INPUT FOR THIS TASK:
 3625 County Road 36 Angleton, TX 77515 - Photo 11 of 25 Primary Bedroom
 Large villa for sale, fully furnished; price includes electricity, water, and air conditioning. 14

==

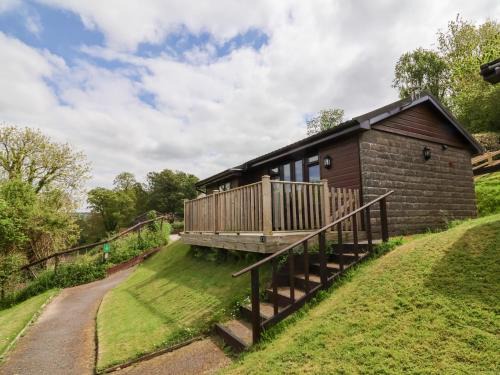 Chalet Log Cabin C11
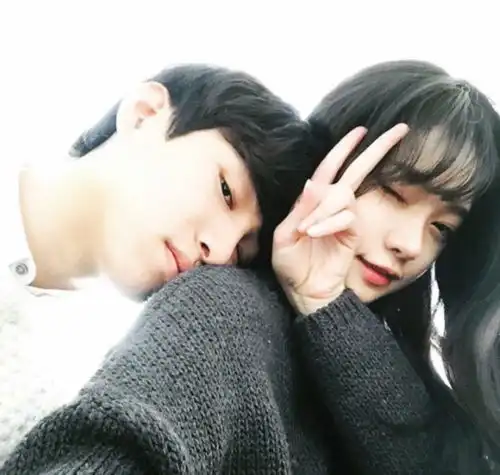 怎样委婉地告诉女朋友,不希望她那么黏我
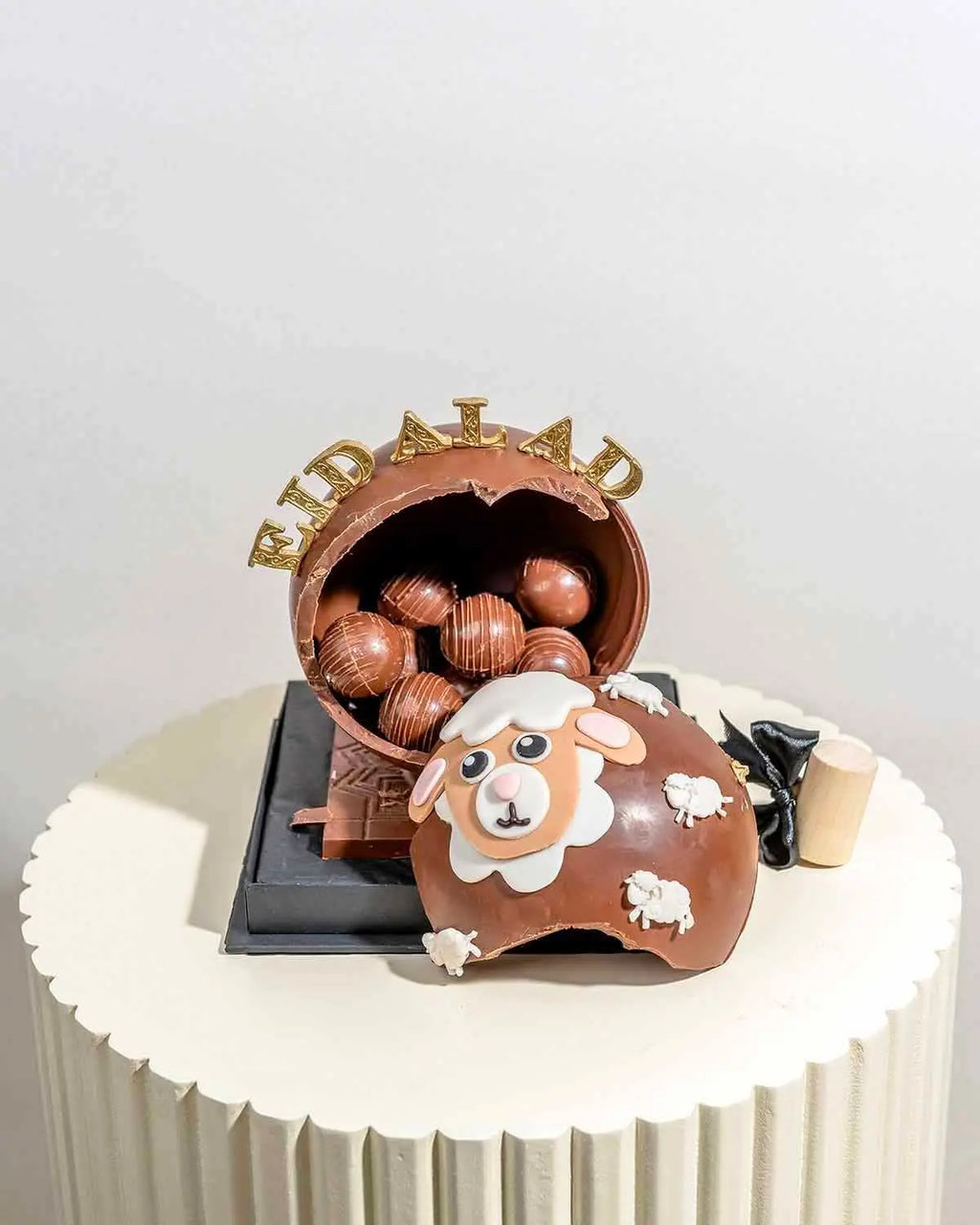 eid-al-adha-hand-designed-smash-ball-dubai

---

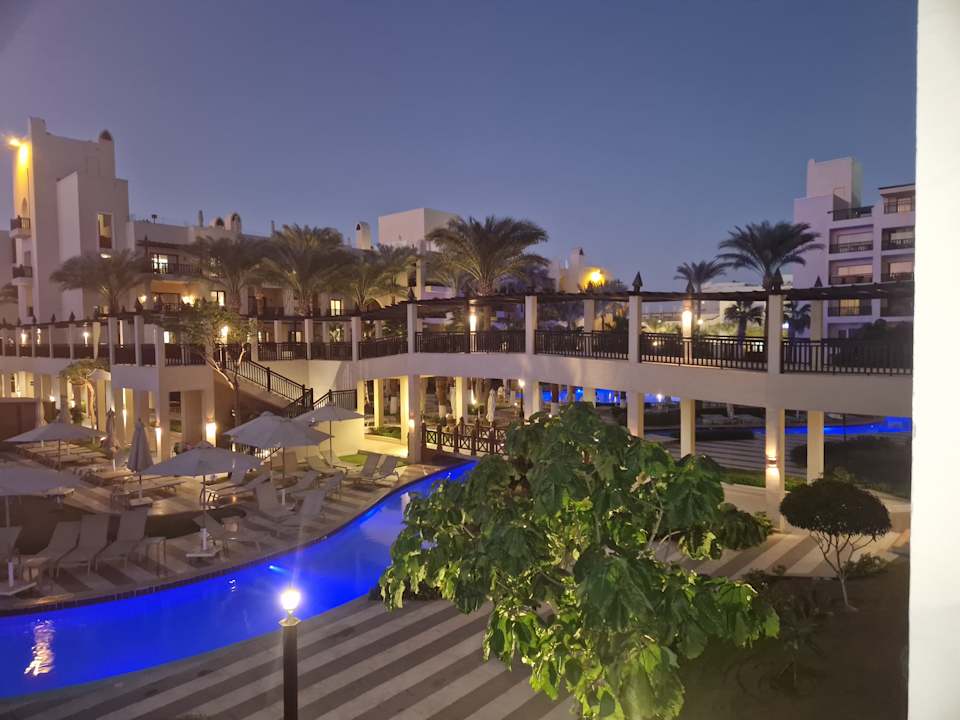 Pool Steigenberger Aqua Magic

EXERCISE AIM: Look above for the line holding "3625 County Road", then set down exactly that line and every line after it up to and including the line holding "Large villa for", with nothing else.

ANSWER BOX:
 3625 County Road 36 Angleton, TX 77515 - Photo 11 of 25 Primary Bedroom
 Large villa for sale, fully furnished; price includes electricity, water, and air conditioning. 14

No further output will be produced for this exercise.